Maria Luisa's life was deeply marked by Napoleon Bonaparte's actions. Napoleon was interested in having Spain as an ally against the United Kingdom. In the summer of 1800, he sent his brother Lucien to the Spanish court with the proposal that would result in the Treaty of Aranjuez. Napoleon, who had conquered Italy, proposed to compensate the House of Bourbon-Parma for their loss of the Duchy of Parma and Piacenza by creating the new Kingdom of Etruria for Louis, heir of Parma. The new kingdom was created out of the Grand Duchy of Tuscany.
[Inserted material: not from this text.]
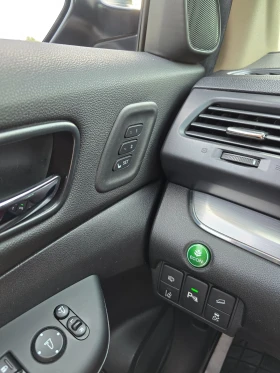 Honda Cr-v 1.6 EXCLUSIVE#DISTRONIC#PANORAMA#PODGREV#KAMERA#KE, снимка 16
To make way for the Bourbons, Ferdinand III, Grand Duke of Tuscany was ousted and compensated with Salzburg. Maria Luisa, who had never lived away from her own family and was totally inexperienced in political affairs, opposed the plan. One of Napoleon's conditions was that the young couple had to go to Paris and there receive from him the investiture of their new sovereignty, before taking possession of Etruria. Maria Luisa was reluctant to make a trip to France, where only seven years earlier her relatives Louis XVI and Marie Antoinette had been executed. However, pressed also by her family, she did as she was told. On 21 April 1801 the couple and their son left Madrid, crossed the border in Bayonne and traveled incognito to France under the name of Counts of Livorno. Napoleon received them with great attentions, at their arrival in Paris on 24 May. At first, the young couple did not make a good impression. In her memoirs, Laure Junot described Maria Luisa's character as a "mixture of shyness and haughtiness which at first gave restraint to her conversation and manners".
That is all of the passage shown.